The staff of High Country News cordially invites all readers and friends to our holiday open house. It will be at our Paonia, Colo., office (119 Grand Ave.) on Wednesday, Dec. 9, from 5 to 7:30 p.m. We’ll provide refreshments. Hope to see you there!

READERS ON ROAD TRIPS
The warm Indian summer days brought traveling HCN readers to our Paonia, Colo., offices. Paula and Steve Yeary of Happy Jack, Ariz., came by during their annual fall color tour of southern Colorado to “get (their) fix of the mountains.” They told us about the new Discovery Channel telescope going up near them, and lamented how their once-dark skies are beginning to reflect the glow from Phoenix.

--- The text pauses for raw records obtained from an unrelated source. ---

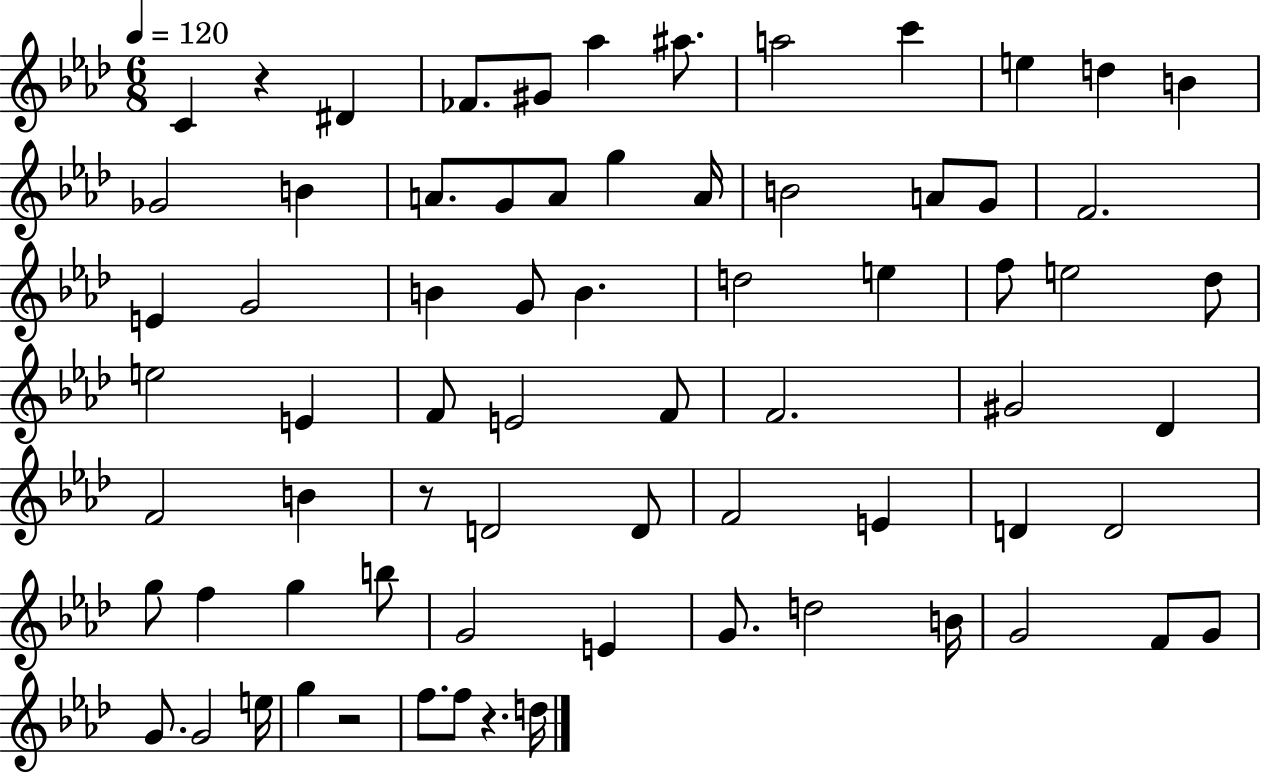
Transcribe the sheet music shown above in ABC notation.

X:1
T:Untitled
M:6/8
L:1/4
K:Ab
C z ^D _F/2 ^G/2 _a ^a/2 a2 c' e d B _G2 B A/2 G/2 A/2 g A/4 B2 A/2 G/2 F2 E G2 B G/2 B d2 e f/2 e2 _d/2 e2 E F/2 E2 F/2 F2 ^G2 _D F2 B z/2 D2 D/2 F2 E D D2 g/2 f g b/2 G2 E G/2 d2 B/4 G2 F/2 G/2 G/2 G2 e/4 g z2 f/2 f/2 z d/4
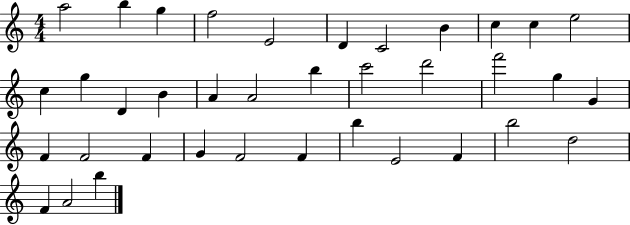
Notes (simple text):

A5/h B5/q G5/q F5/h E4/h D4/q C4/h B4/q C5/q C5/q E5/h C5/q G5/q D4/q B4/q A4/q A4/h B5/q C6/h D6/h F6/h G5/q G4/q F4/q F4/h F4/q G4/q F4/h F4/q B5/q E4/h F4/q B5/h D5/h F4/q A4/h B5/q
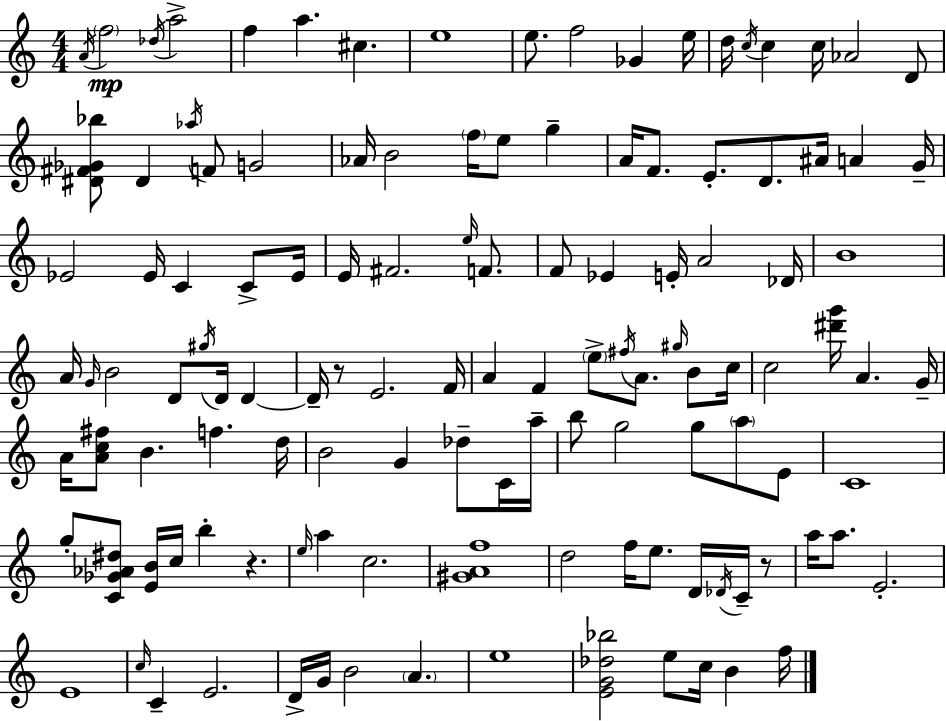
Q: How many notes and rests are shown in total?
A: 123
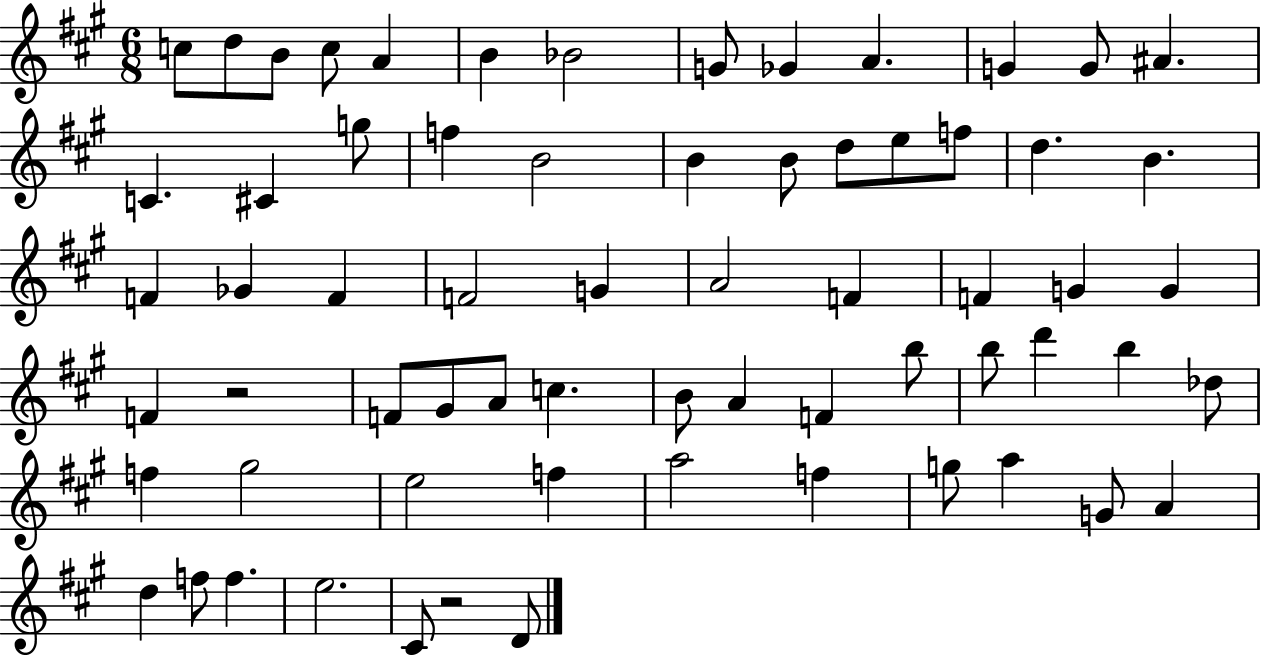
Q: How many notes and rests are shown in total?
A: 66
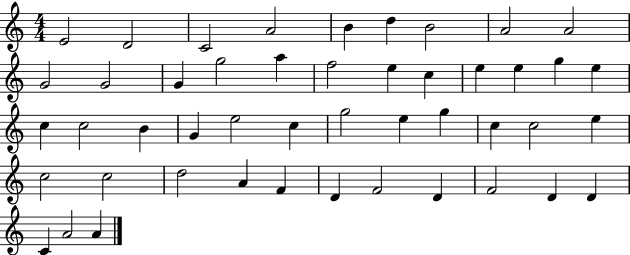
X:1
T:Untitled
M:4/4
L:1/4
K:C
E2 D2 C2 A2 B d B2 A2 A2 G2 G2 G g2 a f2 e c e e g e c c2 B G e2 c g2 e g c c2 e c2 c2 d2 A F D F2 D F2 D D C A2 A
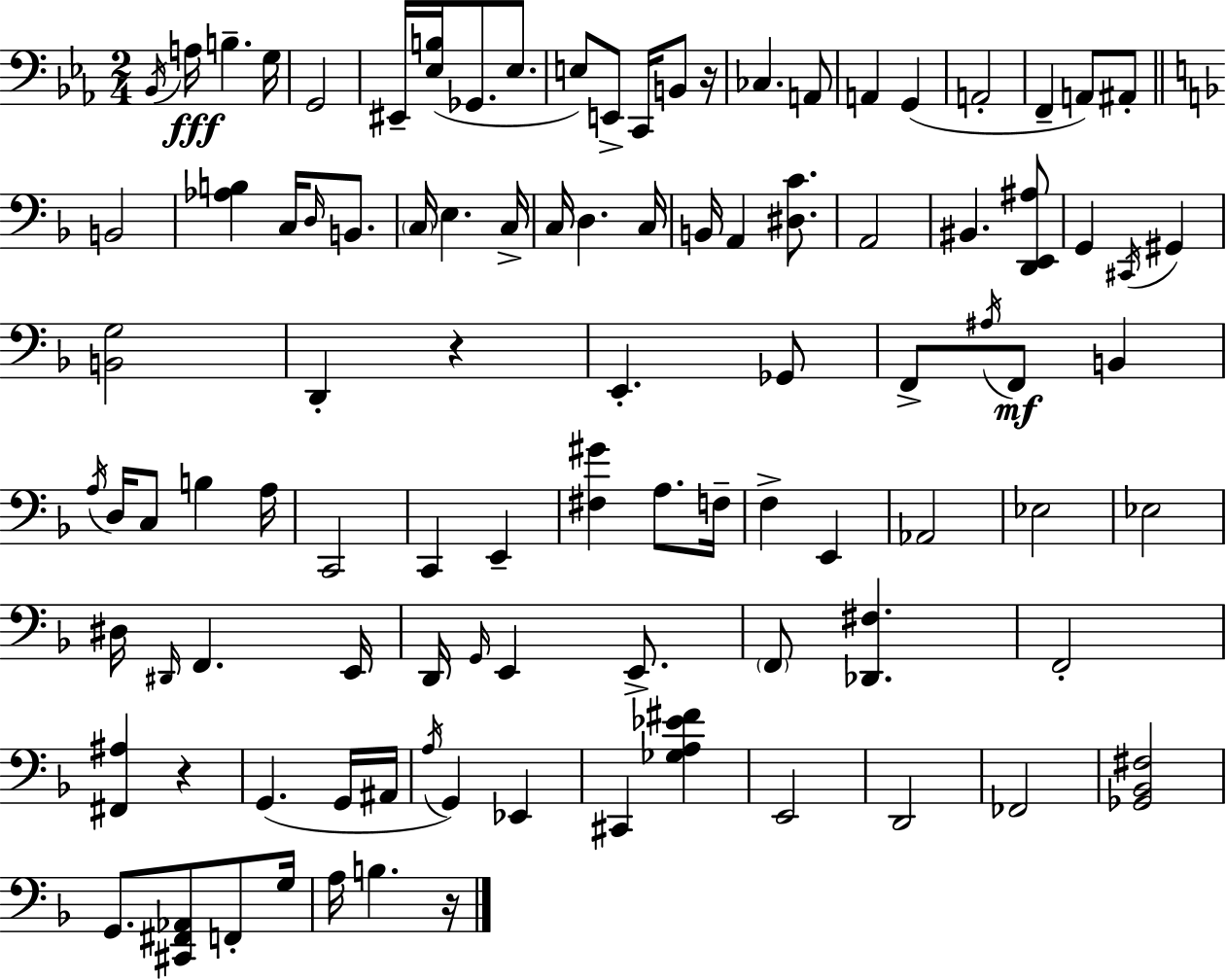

Dan and Libby Fiene, from Lake Forest Park, Wash., were on a whirlwind tour of Colorado, visiting the Black Canyon of the Gunnison National Park and Colorado National Monument before stopping by HCN‘s headquarters. The retired couple aren’t strangers to our state — Dan grew up in nearby Grand Junction and met Libby in Aspen in the ’70s.

Rupert and Joan McDowell dropped by on a brisk October day, visiting from Cohasset, Calif. Rupert’s been reading HCN since his mother introduced him to it 12 years ago. The pair had just embarked on a five-week road trip to the East Coast, and found the drive from Utah to Colorado on U.S. Highway 50 “inspiring.” They met up with Paonia local Caren Vongontard for lunch.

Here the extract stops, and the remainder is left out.